Should you use Dataset options or Statements
During the DATA step, the DROP, KEEP, and RENAME statements, or the DROP=, KEEP=, and RENAME= data set options, tell SAS which variables to process or output.
You can get the results you want by using one or more of these statements and data set options alone or together.
Order of Application
If your program needs you to use more than one data set option or a mix of data set options and statements, it’s helpful to know that SAS drops, keeps, and renames variables in the following order:
- First, SET, MERGE, and UPDATE statements evaluate the options on input data sets from left to right. Before the RENAME= option is used, the DROP= and KEEP= options are used.

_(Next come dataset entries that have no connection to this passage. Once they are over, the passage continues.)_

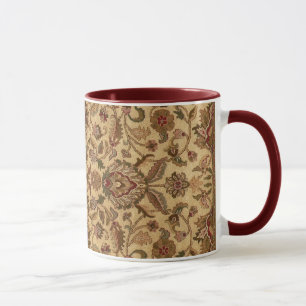Tasse L'or fleurit le tapastery d'oriental d'arabesque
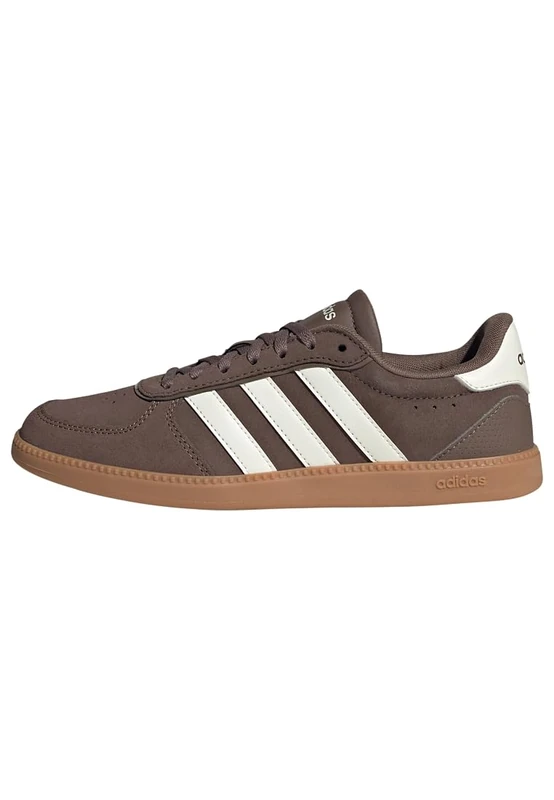 adidas Women's Breaknet Sleek Shoes - Brown - Size 6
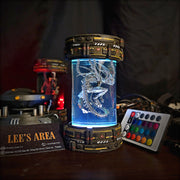 Xenomorph Alien Epoxy Resin Lamp – Sci‑Fi Specimen Pod RGB LED Night Light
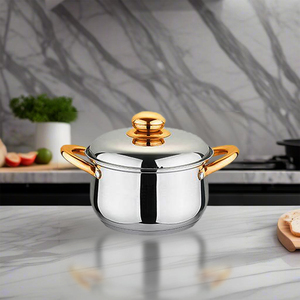 2026 New Stainless Steel Casserole <b>Cookware</b> <b>Set</b> Modern Design Dish Pots for Eco-Friendly Cooking - Product Image 3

- The RENAME statement comes after the DROP and KEEP statements.
- Lastly, the DATA statement looks at the options for output data sets from left to right. Before the RENAME= option is used, the DROP= and KEEP= options are used.
Using FIRSTOBS and OBS Data Set Options
FIRSTOBS and OBS can be used either individually or together to specify which observations should be read or written.
- FIRSTOBS: specifies the number of the first observation to be read
- OBS: specifies the last observation that is to be read.
When these two options are used together, they work independently. When FIRSTOBS is not used, OBS corresponds to the number of observations that will be read. OBS= option counts from observation one regardless of the value of FIRSTOBS.
proc print data=sashelp.class(firstobs=4 obs=6);
run;
Because OBS = 6, only the first six observations are printed. However, the first to be printed in the 4th observation (FIRSTOBS = 4). As a result, only three observations are printed.
In conclusion, SAS offers a wide variety of options for working with datasets, including merging datasets, updating observations, and modifying variables.
These options provide flexibility and allow users to manipulate and analyze their data effectively. It is important to carefully consider the specific needs of a project and choose the appropriate options to ensure accurate and reliable results.